*** Block opens ***
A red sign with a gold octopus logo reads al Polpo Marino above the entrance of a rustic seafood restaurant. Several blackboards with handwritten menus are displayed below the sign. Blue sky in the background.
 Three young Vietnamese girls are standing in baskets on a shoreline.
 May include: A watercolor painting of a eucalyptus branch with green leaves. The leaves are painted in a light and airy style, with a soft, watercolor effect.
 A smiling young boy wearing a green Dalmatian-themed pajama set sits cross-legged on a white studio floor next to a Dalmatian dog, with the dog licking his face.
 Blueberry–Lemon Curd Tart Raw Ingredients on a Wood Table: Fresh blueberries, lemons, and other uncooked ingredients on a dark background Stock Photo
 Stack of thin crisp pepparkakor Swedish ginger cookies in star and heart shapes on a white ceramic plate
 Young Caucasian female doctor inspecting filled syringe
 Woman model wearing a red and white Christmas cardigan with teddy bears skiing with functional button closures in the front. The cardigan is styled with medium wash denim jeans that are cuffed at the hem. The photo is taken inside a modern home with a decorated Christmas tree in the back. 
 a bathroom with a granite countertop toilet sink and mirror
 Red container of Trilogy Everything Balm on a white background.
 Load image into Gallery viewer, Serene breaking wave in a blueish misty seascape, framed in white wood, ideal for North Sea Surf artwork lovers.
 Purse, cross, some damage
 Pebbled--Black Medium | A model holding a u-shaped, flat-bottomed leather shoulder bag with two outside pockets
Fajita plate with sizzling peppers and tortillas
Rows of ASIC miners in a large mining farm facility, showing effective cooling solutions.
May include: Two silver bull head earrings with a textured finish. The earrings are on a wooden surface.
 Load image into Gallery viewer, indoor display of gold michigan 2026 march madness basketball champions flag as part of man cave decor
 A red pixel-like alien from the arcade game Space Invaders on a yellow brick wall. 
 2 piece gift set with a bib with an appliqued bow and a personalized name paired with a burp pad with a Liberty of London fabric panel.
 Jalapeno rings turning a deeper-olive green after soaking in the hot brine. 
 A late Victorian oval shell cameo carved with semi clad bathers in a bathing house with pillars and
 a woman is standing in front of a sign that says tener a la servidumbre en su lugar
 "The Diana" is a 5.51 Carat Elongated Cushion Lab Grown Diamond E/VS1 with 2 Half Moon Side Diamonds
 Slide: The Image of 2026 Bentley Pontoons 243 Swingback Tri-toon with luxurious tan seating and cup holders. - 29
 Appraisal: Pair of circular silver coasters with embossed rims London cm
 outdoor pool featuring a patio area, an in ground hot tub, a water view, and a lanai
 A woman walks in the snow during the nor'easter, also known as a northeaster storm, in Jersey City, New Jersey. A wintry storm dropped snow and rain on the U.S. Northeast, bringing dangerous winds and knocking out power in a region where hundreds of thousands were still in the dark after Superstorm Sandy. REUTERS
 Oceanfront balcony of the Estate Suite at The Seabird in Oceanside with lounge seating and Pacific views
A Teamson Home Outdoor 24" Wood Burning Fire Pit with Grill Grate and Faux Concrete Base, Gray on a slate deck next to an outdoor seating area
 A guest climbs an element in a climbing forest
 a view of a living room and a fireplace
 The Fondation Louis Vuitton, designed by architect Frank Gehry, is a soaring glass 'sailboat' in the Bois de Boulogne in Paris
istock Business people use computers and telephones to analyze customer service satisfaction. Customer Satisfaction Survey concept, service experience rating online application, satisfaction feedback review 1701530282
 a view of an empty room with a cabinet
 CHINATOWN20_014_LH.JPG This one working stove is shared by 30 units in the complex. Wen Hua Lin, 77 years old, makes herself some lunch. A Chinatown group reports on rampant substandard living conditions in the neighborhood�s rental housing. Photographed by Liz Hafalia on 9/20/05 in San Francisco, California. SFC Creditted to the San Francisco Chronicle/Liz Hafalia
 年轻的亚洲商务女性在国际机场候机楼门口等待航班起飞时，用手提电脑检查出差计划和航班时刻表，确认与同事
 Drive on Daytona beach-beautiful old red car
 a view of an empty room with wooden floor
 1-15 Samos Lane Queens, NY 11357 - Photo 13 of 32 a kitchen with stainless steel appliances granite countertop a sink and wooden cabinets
*** Block closes ***
**Your assignment:**
Of the lines above, show those in which "Load" appears.

**Answer space:**
 Load image into Gallery viewer, Serene breaking wave in a blueish misty seascape, framed in white wood, ideal for North Sea Surf artwork lovers.
 Load image into Gallery viewer, indoor display of gold michigan 2026 march madness basketball champions flag as part of man cave decor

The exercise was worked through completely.